Preprint claims first detection of 'moving lens' effect in CMB at 4.8σ
A newly posted arXiv preprint reports what its authors describe as the first detection of the “moving lens effect,” a subtle distortion in the cosmic microwave background, or CMB, with a top statistical significance of 4.8 sigma. If confirmed, the result could give cosmologists a new way to measure how matter moves sideways across the sky, not just toward or away from Earth.
The moving lens effect is a tiny secondary imprint on the CMB — the afterglow of the early universe — caused by large concentrations of matter moving across our line of sight. In plain terms, the gravity of those structures slightly alters the CMB signal as they sweep sideways. That makes the effect different from the better-known kinematic Sunyaev-Zel’dovich, or kSZ, effect, which is used to study motion along the line of sight. The new paper argues that the moving lens signal could open direct access to transverse cosmic velocities.
The paper, titled “First detection of the moving lens effect with ACT and DESI LS,” was posted to arXiv on May 18 as version 1 of preprint 2605.18938. Its authors are Selim C. Hotinli, Kendrick M. Smith, Simone Ferraro, Ali Beheshti, Arthur Kosowsky, Elena Pierpaoli and Emmanuel Schaan. The analysis combines CMB temperature maps from Atacama Cosmology Telescope Data Release 6, a major recent CMB data set, with luminous red galaxies from the DESI Legacy Imaging Surveys, a wide-field imaging program that provides galaxy catalogs tracing large-scale structure.
The main reported result comes from the foreground-reduced ACT NILC map. There, the authors report a moving-lens amplitude of ( b_{\rm ML} = 1.24 \pm 0.26 ) for an extended galaxy sample, corresponding to 4.8 sigma significance. For a main sample, they report ( b_{\rm ML} = 0.93 \pm 0.25 ), or 3.7 sigma. The paper says both measurements are consistent with halo-model predictions for the moving-lens signal.
To make the measurement, the authors say they developed a Fourier-space cross-spectrum estimator that preserves the signal’s dependence on scale. They also say their analysis pipeline enforces a separation of scales between the reconstructed velocities and the cross-correlation step, which they argue is important for reducing contamination from astrophysical foregrounds. On possible systematics, the preprint says residual foreground contamination is expected to be significantly smaller than the signal, that no curl-mode test exceeds 2 sigma, and that the results remain robust across analysis variants.

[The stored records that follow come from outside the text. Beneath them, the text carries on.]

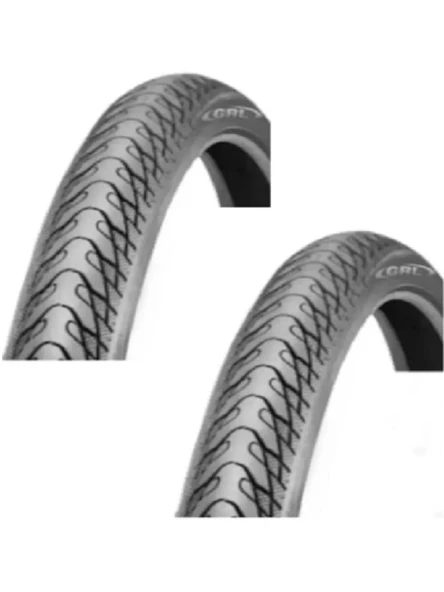 GRL 28 Jant 28x1.1/4 (700x32C) (32-622) 1 mm Zırhlı Bisiklet Dış Lastiği X 2 Adet (1151) ürün görseli 1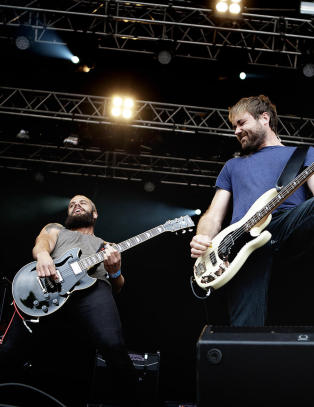 Gult, gr�nt, r�dt og bl�tt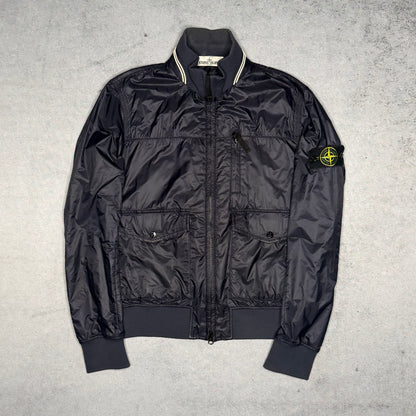 Stone Island AW2013 Micro RipStop Tyvek Shield Jacket Blouson navy (M)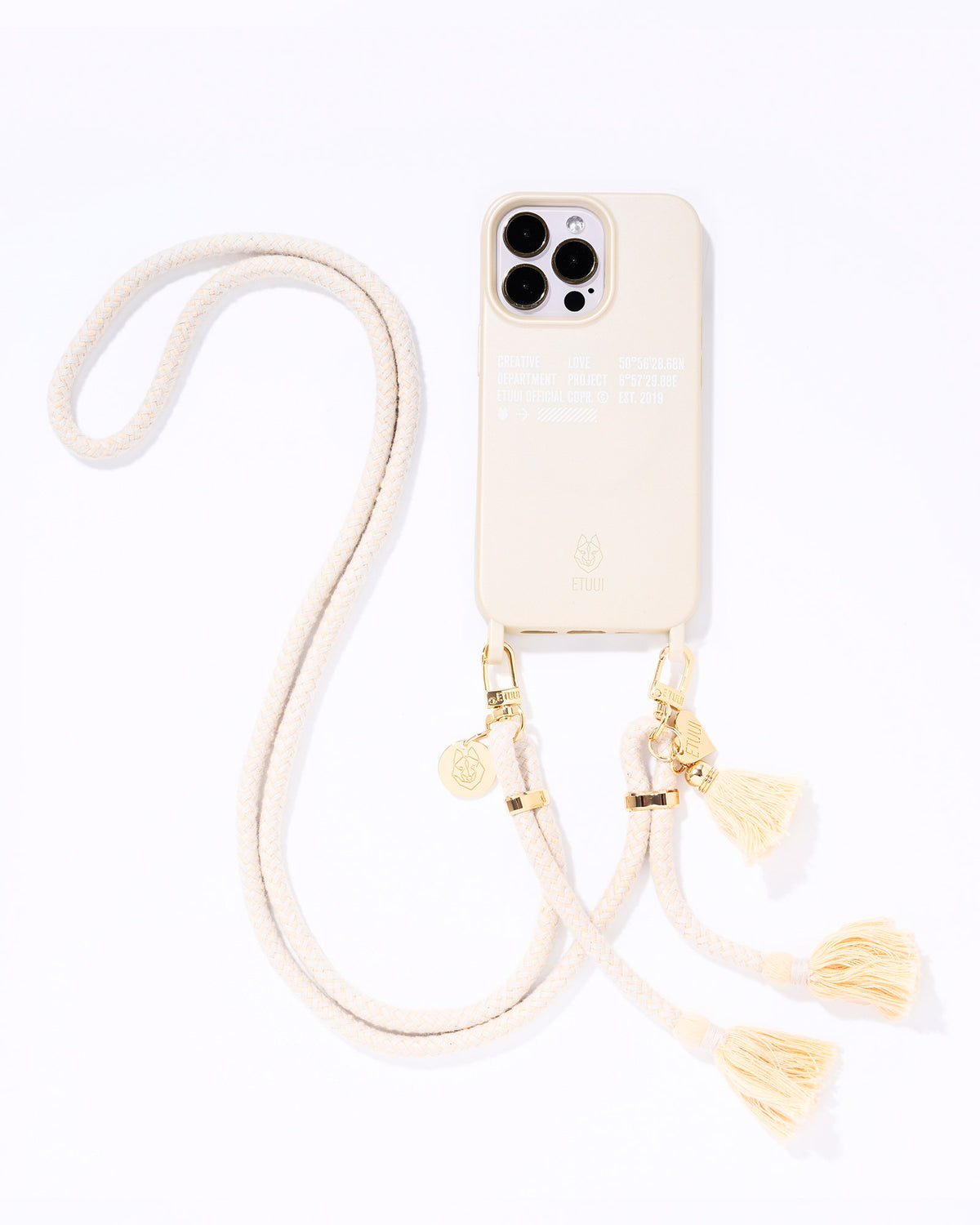 Original Handyketten - EGG SHELL Gold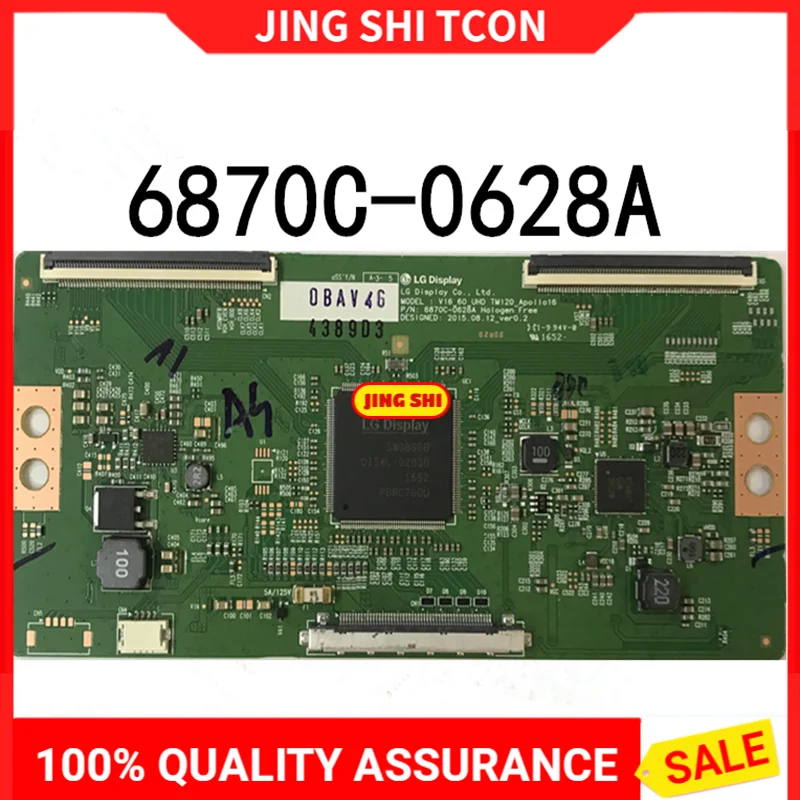 Originál pre LG 60UH6500-CB 60 pre LG61CA-CD TCON Board 6870C-0628 AFREE DODÁVKA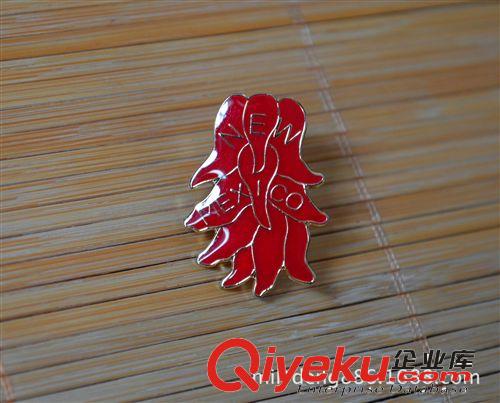 供應海量優(yōu)質(zhì)金屬烤漆鍍金徽章,采購批發(fā)金屬鑲鉆金華集團徽章原始圖片2
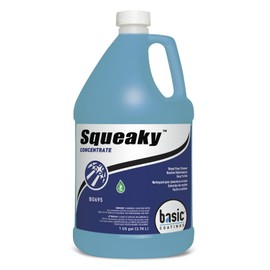 Basic Coatings Squeaky Cleaner Concentrate | Hardwood, Laminate Floor Cleaner | No Residue | Cleans Tough Dirt and Grease | 1 gal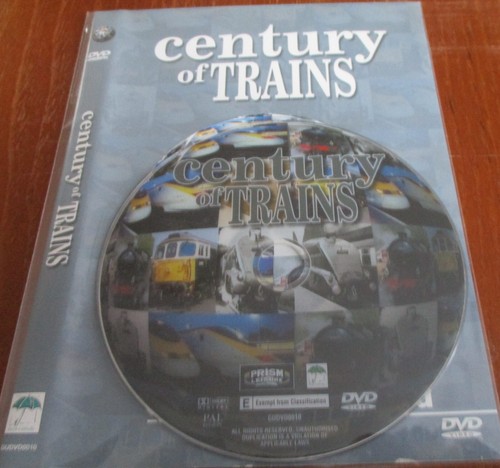 Century trains dvd - century,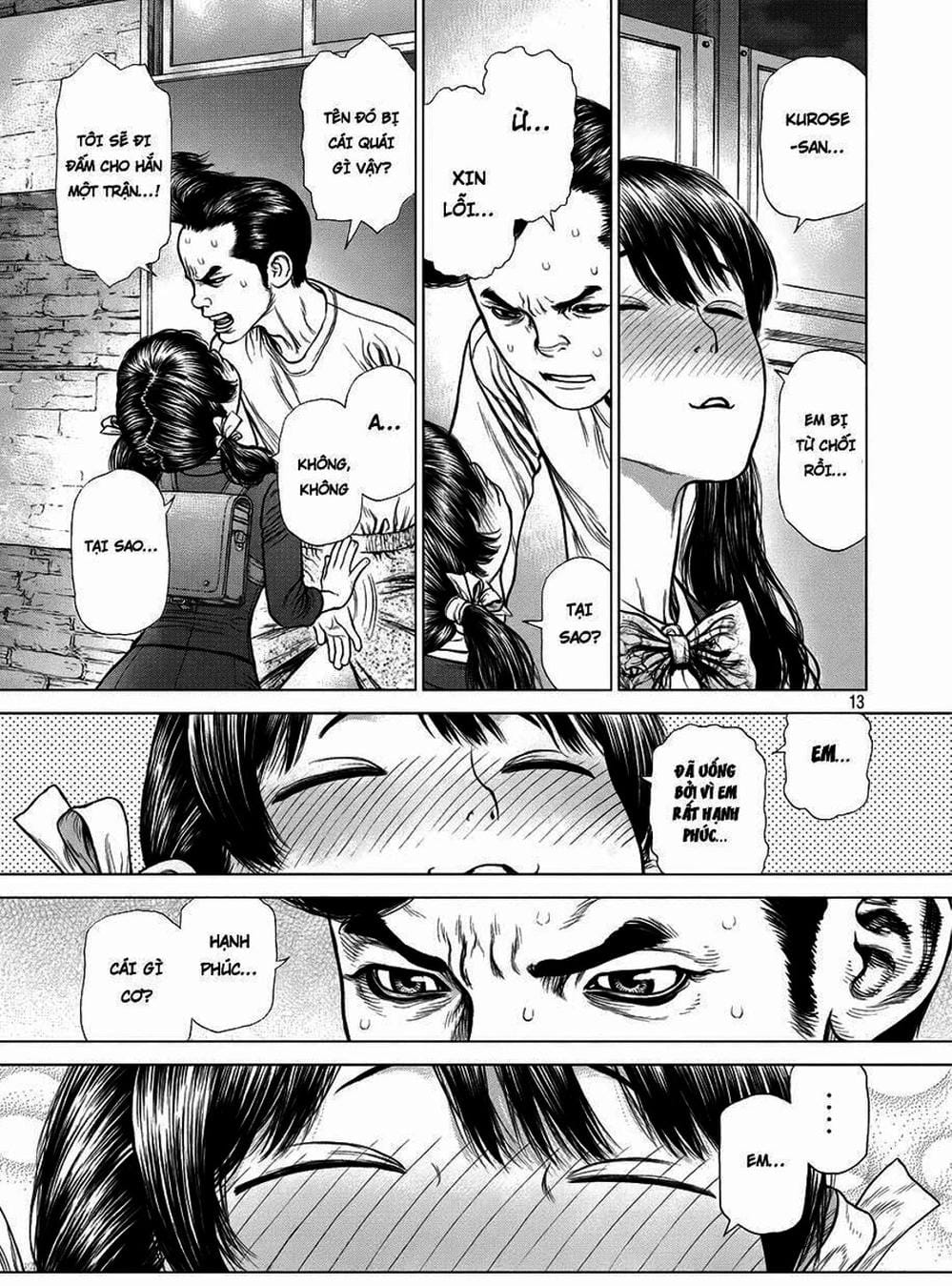 Truyện Tranh Nguyên Bản - Origin trang 7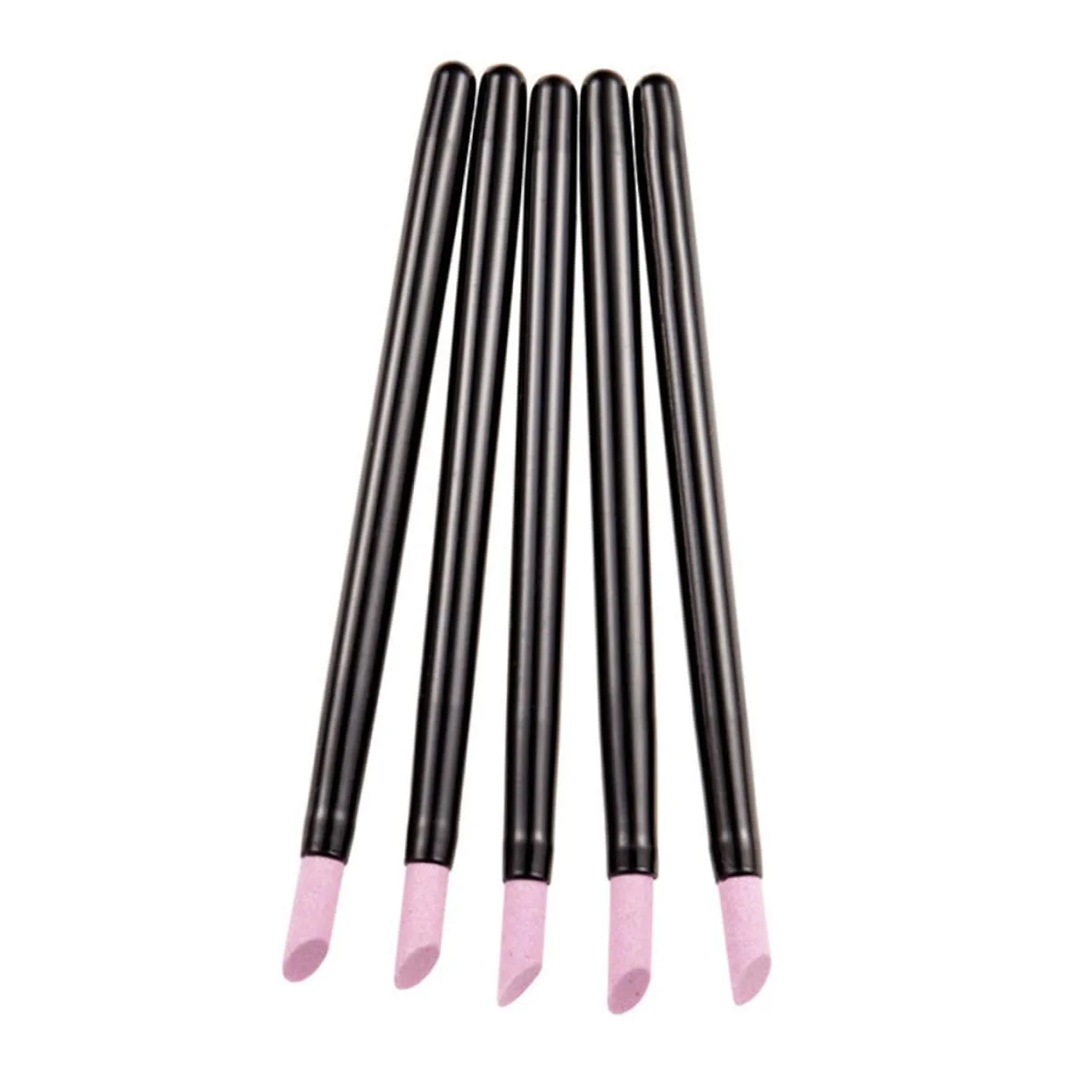 Набор для ухода за ногтями VALICLUD 10 шт. с кварцевой ручкой для маникюра и педикюра, средство для удаления кутикулы, фото №1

The claim builds on several years of theoretical and forecasting work, including papers from 2018 onward, that argued modern CMB maps and galaxy surveys might finally be sensitive enough to detect the effect. According to the research brief, no earlier published observational detection had been identified before this preprint.
Why that matters is straightforward: cosmologists already have tools such as the kSZ effect to probe line-of-sight motion, but sideways motion has been much harder to access directly. The authors argue that combining the moving lens effect with kSZ measurements could eventually help map the universe’s three-dimensional velocity field.
For now, though, the result remains a first-detection claim in a new arXiv preprint, not a peer-reviewed journal paper. Whether the measurement holds up will be assessed through peer review and follow-up analyses using the same and future survey data.